The 2018 NATO Summit will likely be filled with shockers and maybe even a couple of sour apples, Jan Oberg, director of the Transnational Foundation for Peace and Future Research, told Sputnik Tuesday.
US President Donald Trump arrived with First Lady Melania Trump in Belgium Tuesday ahead of the Wednesday and Thursday get-together with world leaders for the yearly North Atlantic Treaty Organization summit. Following the talks, Trump will also meet with British Prime Minister Theresa May and Russian President Vladimir Putin during the trip overseas.
Oberg told Radio Sputnik’s Loud & Clear on Tuesday he predicted that the summit might be filled with “some kind of surprises and a bad atmosphere.”

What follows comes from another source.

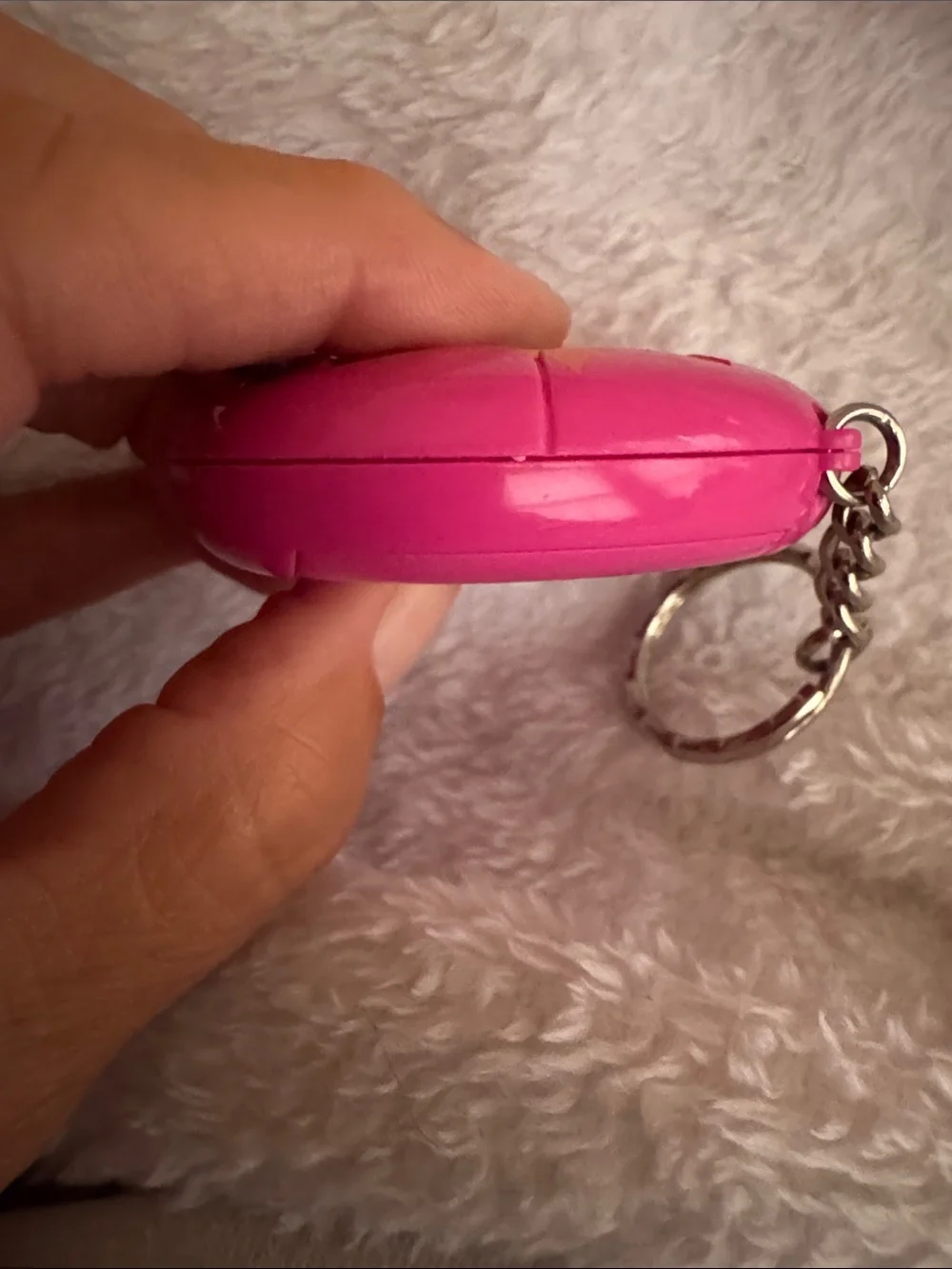 Vintage 2004 Tamagotchi Connection Handheld Virtual Pet Keychain WORKS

“The conflict over the Atlantic is deeper than it has been over the years,” Oberg told hosts Brian Becker and John Kiriakou. “I think if you want the larger perspective on it… much of the Western world is… getting weaker and that is something that causes a lot of internal problems.”
“[They have] leadership problems in the European Union, you see a completely different type of leadership in… Washington and you see a NATO that, of course, is influenced by that. There’s no way that NATO couldn’t be influenced by the helter-skelter and the crisis of the West,” he added.
According to Oberg, the big-ticket issue that’s bugging NATO members is the case of burden-sharing. Though debate on the matter has always been present, it was kicked up a notch recently thanks to POTUS’ affinity for criticizing NATO allies for not spending enough on defense.
Ahead of the meeting, US Ambassador to NATO Kay Bailey confirmed to reporters on Thursday that 45’s top priority in Belgium would be none other than the case of burden-sharing.
“There has always been a discussion about [burden-sharing],” Oberg said. “And it’s irrelevant in my view, because anybody whose studied these things knows that the United States is in Europe to protect the United States… it’s a forward defense position.”
Noting that several countries have pledged to spend 2 percent of their GDP on funding NATO defenses, as NATO members agreed in 2014, Oberg called the move “completely bizarre and foolish.”
“I think the burden-sharing thing is bullsh*t, I think the 2 percent thing is bullsh*t. It’s an intellectual disarmament completely because that’s not the way you run security politics,” he stressed.
When asked about European Council President Donald Tusk’s Tuesday shot across Trump’s bow to play nice at the summit, Oberg remarked that the 61-year-old was just taking a page from Trump’s book and trying to “ridicule” him.
Burden-sharing issues aside, Oberg said that the world needs to look past NATO.
“The future world does not need things like NATO, nuclear weapons, interventionism and militarism… it needs something completely new,” he said. “NATO should either close down completely or be turned into a non-weapons humanitarian organization with transport and communication facilities or be the embryo for a European security system.”